By Admin | July 15, 2003

Senior suburbia is mercilessly skewered in the wickedly funny, though ultimately trifling short film “Payback”. Jack Wallace is pitch perfect as Harold Gablonski, a world-weary senior with a permanent frown. The bane of Harold’s existence is two-fold: his nagging, whiny wife Grace Marie (Lynda Lenet) and his larcenous, busy-body neighbor Mrs. Rossi (Faith Christopher). This fearsome duo torments poor Harold on a daily basis, bringing him to the point of meltdown. One more tirade against the supermarket bagger from his wife or one more missing gardening tool courtesy of Mrs. Rossi and Harold will likely explode. Actually, Harold’s breakdown is more of an implosion than an explosion when both catalytic events happen in the same day. In an act of either utter contempt with life or else a cruel joke on his wife “Harold and Maude”-style (I’m not quite sure which), Harold hangs himself in the hallway. His wife finds him and immediately passes out. Hearing Mrs. Gablonski’s screams, Mrs. Rossi waddles over to their house and taking them both for dead, proceeds to help herself to the Gablonski’s valuables. At that moment Harold wakes up (he too had passed out, from asphyxiation) and literally scares Mrs. Rossi to death (in Harold’s defense, she did have a heart condition). The next morning, the Gablonskis are stirred by the sounds of the police knocking at their door…
So did the events of the previous night actually happen or was it all just a wonderfully satisfying dream (at least in Harold’s mind)? I won’t tell, but I will say that “Payback” concludes with a truly creepy and ironic denouement.

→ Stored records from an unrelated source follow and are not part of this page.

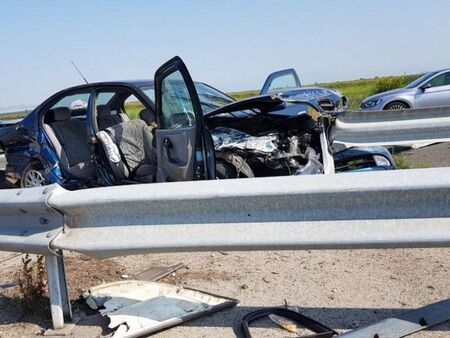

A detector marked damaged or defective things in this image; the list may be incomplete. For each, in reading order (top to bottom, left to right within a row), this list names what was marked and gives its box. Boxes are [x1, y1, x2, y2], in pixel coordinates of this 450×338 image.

wrecked blue car [0, 58, 394, 190]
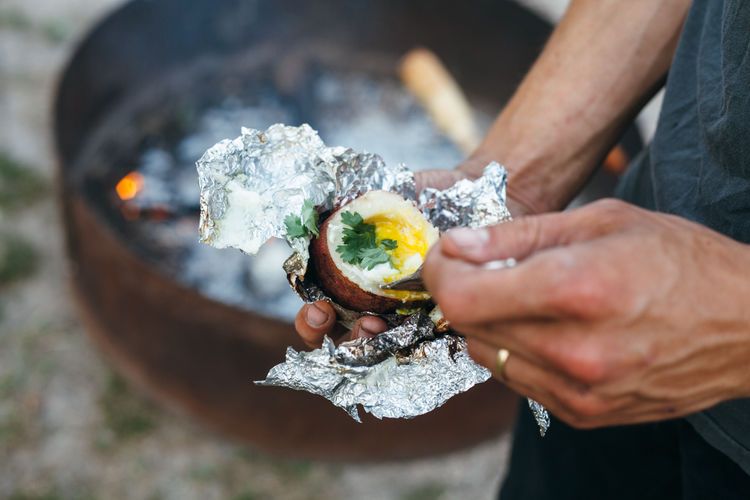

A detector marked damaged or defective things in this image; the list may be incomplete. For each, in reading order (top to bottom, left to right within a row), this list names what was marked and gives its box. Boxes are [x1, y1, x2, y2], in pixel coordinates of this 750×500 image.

charred food piece [310, 190, 440, 312]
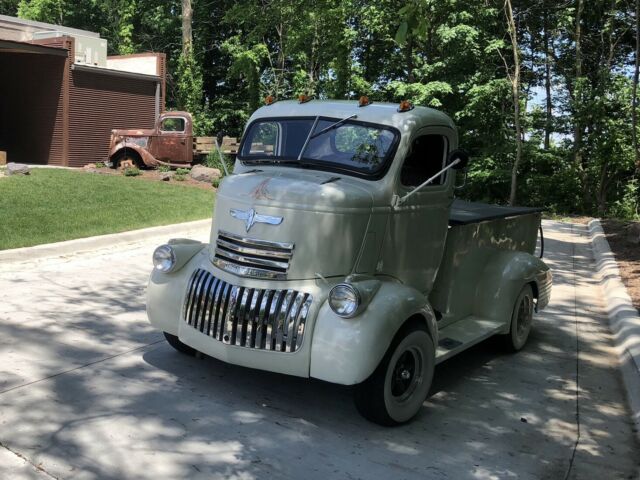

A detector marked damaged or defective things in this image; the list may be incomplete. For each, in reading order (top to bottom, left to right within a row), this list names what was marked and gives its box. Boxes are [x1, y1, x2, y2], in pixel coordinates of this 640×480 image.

rusty old truck [107, 111, 238, 169]
rusty old truck [144, 97, 552, 424]
rusty truck wheel [500, 282, 536, 352]
rusty truck wheel [356, 320, 436, 426]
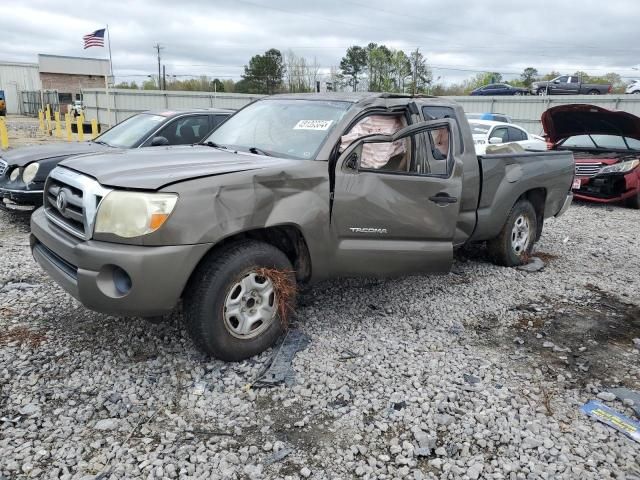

You see, Mrs. Gablonski also has a bad heart, so let’s just say that things around the Gablonski house will be much different from now on.
Troy Romeo, the film’s writer/director/producer, exhibits a cheerfully wicked sense of humor and a sharply satiric flair. His characters are intentionally drawn as caricatures, yet somehow they seem all too real. We’ve all lived next-door to, or at least known of Mrs. Rossi’s in our lives. And we’ve all heard our fathers or uncles or friends get their ‘boots busted’ by the Grace Marie Gablonskis of the world. Thus, we feel every ounce of Harold’s suffering in every craggly wrinkle of actor Jack Wallace’s biblically exhausted kisser. The actor is superb in the role, as are the two actresses playing his nemeses. While I liked the film enough, I just didn’t think it amounted to much in the end. Perhaps it’s more a function of the medium, that being the comedic short film, than the actual film itself. Comedic short films are often built around a single joke, one that you either get or you don’t. And forget about true characterization in a 16 min short. Romeo’s joke is a fairly good one, but I would be really interested to see what he could do with a full-length feature. For even with mere minutes to work with, his storytelling reminded me of an unpolished Wes Anderson or an Alexander Payne. Especially Payne, since clearly his Warren R. Schmidt and Romeo’s Harold Gablonski are similar souls.